La Cassazione ha chiarito con la sentenza n. 20686 del 22 luglio 2025 che l’indennità minima per un licenziamento illegittimo non può essere ridotta o azzerata.
La Corte di Appello di Napoli in riforma della sentenza del Tribunale di Benevento, nel dichiarare la illegittimità di un licenziamento intimato in forma orale, non disponeva la reintegra nel posto di lavoro stante la cessazione delle attività imprenditoriali e condannava la datrice di lavoro al solo pagamento delle retribuzioni dal licenziamento detraendo l'aliunde perceptum.
Il lavoratore, lamentando la decurtazione dell’indennità minima, proponeva ricorso per cassazione.

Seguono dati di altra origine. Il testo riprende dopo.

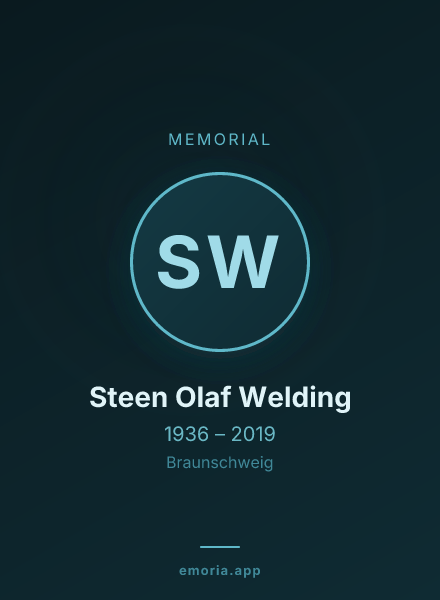 Memorial portrait of Steen Olaf Welding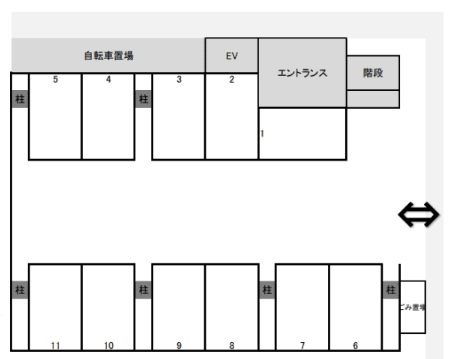 ラジューア・Ｋの駐車配置図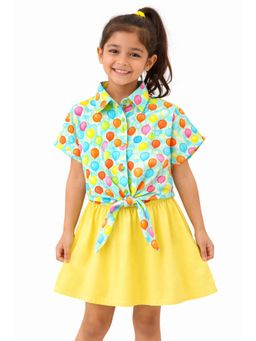 ZIP ZAP ZOOP - Girls Light Blue Smart Multi-Color Balloon Print Tie-Up Top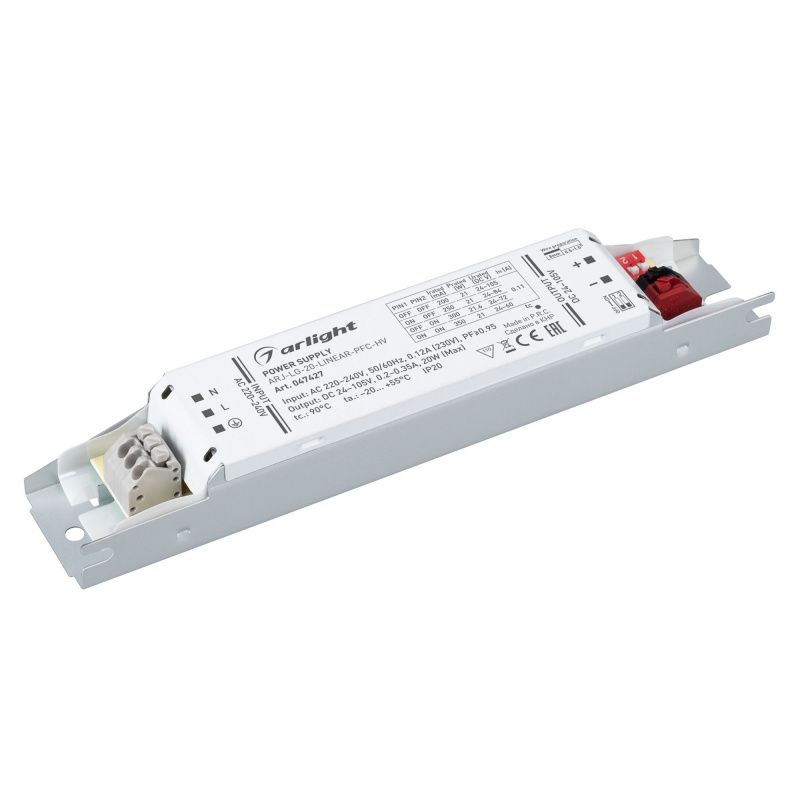 Блок питания ARJ-LG-20-LINEAR-PFC-HV (20W, 24-105V, 0.2-0.35A) (Arlight, IP20 Металл, 5 лет) 047427
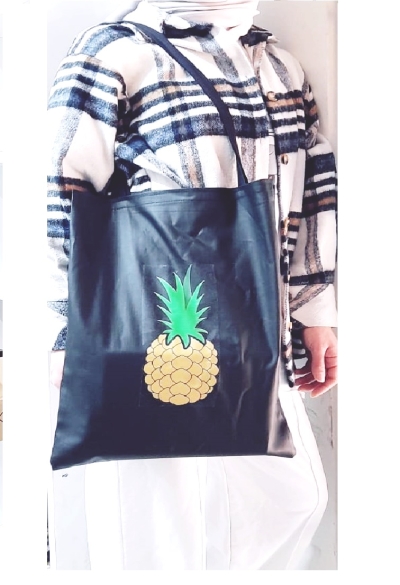 Ananas Detay Desenli Bez Çanta - Pazar Market Çantası - Kitap Çantası Siyah 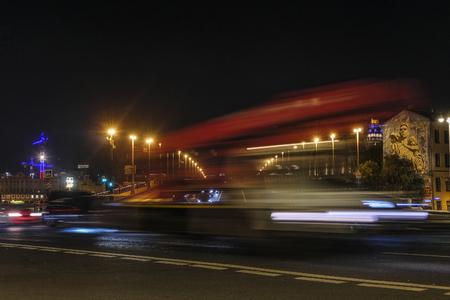 Moscow, Russia - September, 6, 2018: night traffic in Moscow, Russiaのeditorial素材
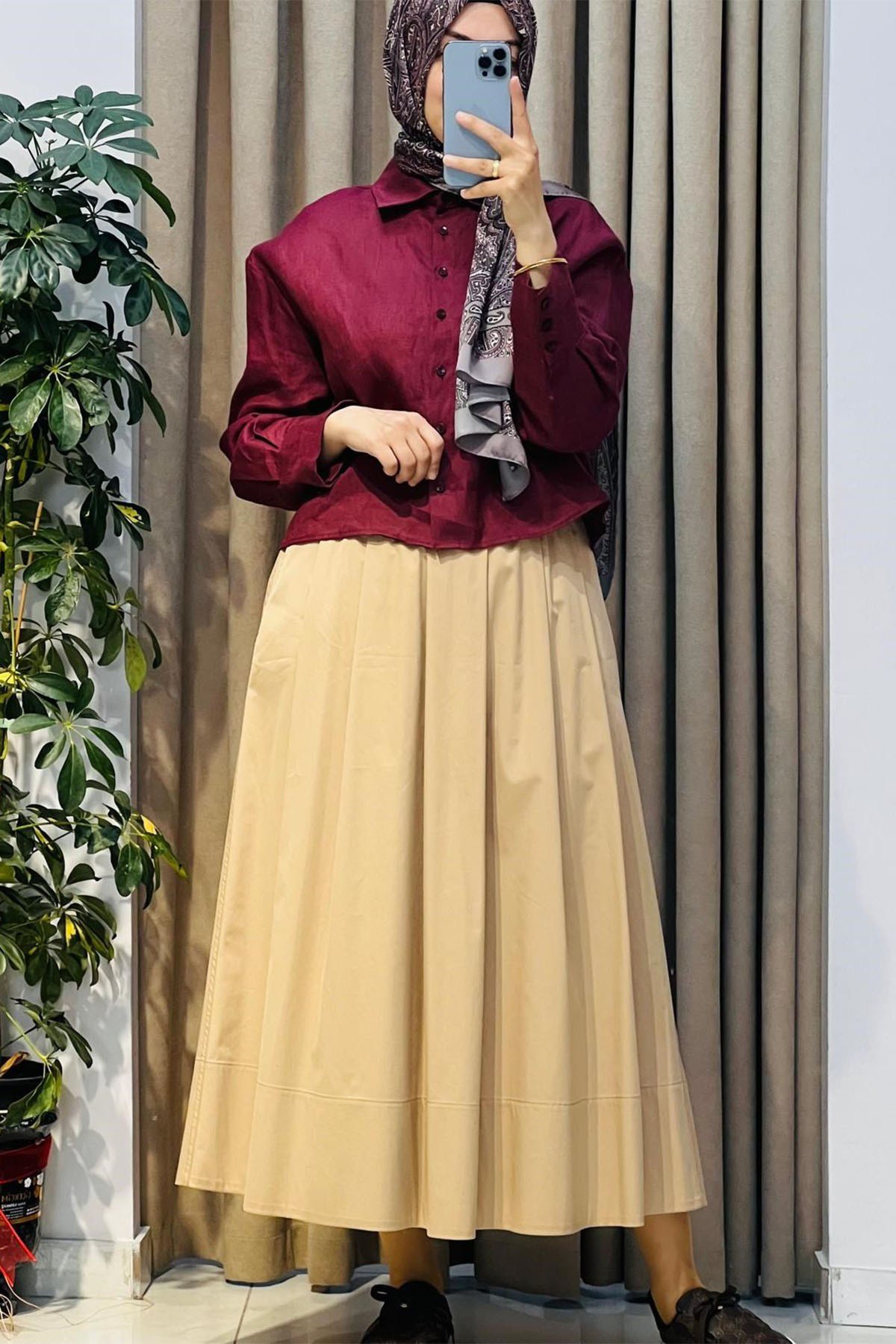 Paraşüt Kumaş Etek Camel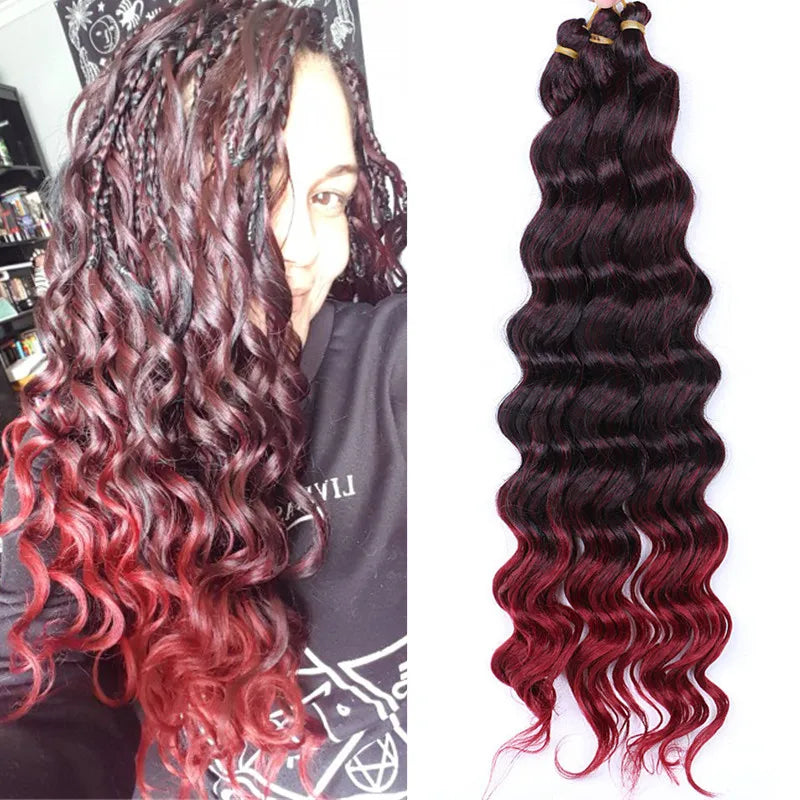 Ombre Deep Water Wave Bulk Crochet Synthetic Hair - Various Colors Available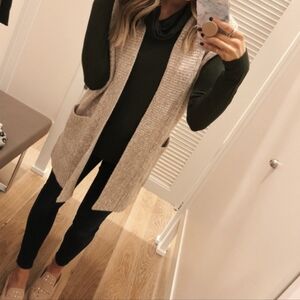 Loft Beige knitted Cardigan Vest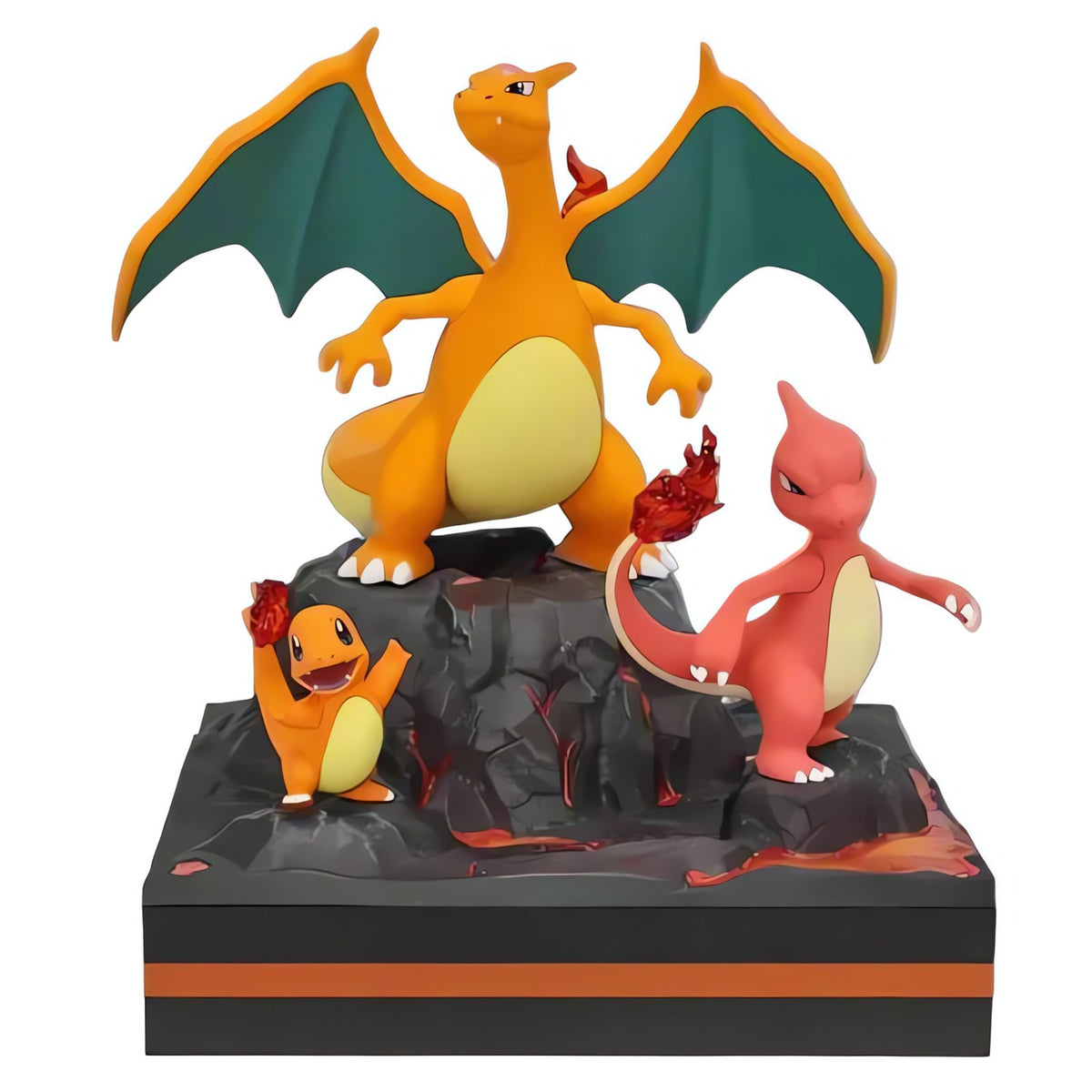 Charmander, Charmeleon and Charizard evolution figures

La Suprema Corte, con sentenza n. 20686 del 22 luglio 2025, nel rilevare che l’orientamento per il quale l’'"aliunde perceptum" compensabile riguarda il danno eccedente la misura minima, ha ritenuto che il principio è applicabile anche nell'ambito del licenziamento orale disposto nel contratto a tutele crescenti di cui al d.lgs. 23/15, c.d. Job's act.
La Cassazione ha quindi affermato che il licenziamento dichiarato illegittimo ai sensi del co. 1 dell'art. 2 del decreto legislativo 23/15 con condanna del datore al risarcimento dei danni al lavoratore compete la misura minima risarcitoria delle cinque mensilità anche nel caso in cui abbia trovato alternativa occupazionale prima del decorso di cinque mesi, restando irrilevante l'aliunde perceptum (detraibile in generale dall'indennità risarcitoria complessiva) maturato nel detto periodo.